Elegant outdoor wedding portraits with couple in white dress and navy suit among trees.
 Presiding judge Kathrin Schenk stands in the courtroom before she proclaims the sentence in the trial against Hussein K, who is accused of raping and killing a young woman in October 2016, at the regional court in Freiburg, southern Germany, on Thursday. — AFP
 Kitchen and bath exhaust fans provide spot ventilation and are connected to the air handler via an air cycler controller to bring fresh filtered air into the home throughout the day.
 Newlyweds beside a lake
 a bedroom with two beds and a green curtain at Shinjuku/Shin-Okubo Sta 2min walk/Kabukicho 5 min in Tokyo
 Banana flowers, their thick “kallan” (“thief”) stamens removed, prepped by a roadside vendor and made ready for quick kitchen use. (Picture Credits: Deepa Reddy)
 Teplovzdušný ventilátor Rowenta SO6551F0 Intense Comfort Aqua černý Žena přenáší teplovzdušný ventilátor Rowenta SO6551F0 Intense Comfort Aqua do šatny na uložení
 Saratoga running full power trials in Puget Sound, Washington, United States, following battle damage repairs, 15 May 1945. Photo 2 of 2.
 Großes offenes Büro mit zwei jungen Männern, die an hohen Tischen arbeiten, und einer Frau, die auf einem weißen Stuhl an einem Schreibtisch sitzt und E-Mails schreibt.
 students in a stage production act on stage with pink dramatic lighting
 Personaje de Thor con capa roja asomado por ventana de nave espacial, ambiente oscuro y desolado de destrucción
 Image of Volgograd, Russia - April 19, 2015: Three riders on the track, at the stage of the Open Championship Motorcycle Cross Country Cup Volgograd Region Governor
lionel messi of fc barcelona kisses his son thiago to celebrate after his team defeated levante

**Work to be completed:** Set down exactly the lines above, from the one containing "Newlyweds beside a lake" to the final line of the material, with both ends kept and no other lines.

**Answer space:**
 Newlyweds beside a lake
 a bedroom with two beds and a green curtain at Shinjuku/Shin-Okubo Sta 2min walk/Kabukicho 5 min in Tokyo
 Banana flowers, their thick “kallan” (“thief”) stamens removed, prepped by a roadside vendor and made ready for quick kitchen use. (Picture Credits: Deepa Reddy)
 Teplovzdušný ventilátor Rowenta SO6551F0 Intense Comfort Aqua černý Žena přenáší teplovzdušný ventilátor Rowenta SO6551F0 Intense Comfort Aqua do šatny na uložení
 Saratoga running full power trials in Puget Sound, Washington, United States, following battle damage repairs, 15 May 1945. Photo 2 of 2.
 Großes offenes Büro mit zwei jungen Männern, die an hohen Tischen arbeiten, und einer Frau, die auf einem weißen Stuhl an einem Schreibtisch sitzt und E-Mails schreibt.
 students in a stage production act on stage with pink dramatic lighting
 Personaje de Thor con capa roja asomado por ventana de nave espacial, ambiente oscuro y desolado de destrucción
 Image of Volgograd, Russia - April 19, 2015: Three riders on the track, at the stage of the Open Championship Motorcycle Cross Country Cup Volgograd Region Governor
lionel messi of fc barcelona kisses his son thiago to celebrate after his team defeated levante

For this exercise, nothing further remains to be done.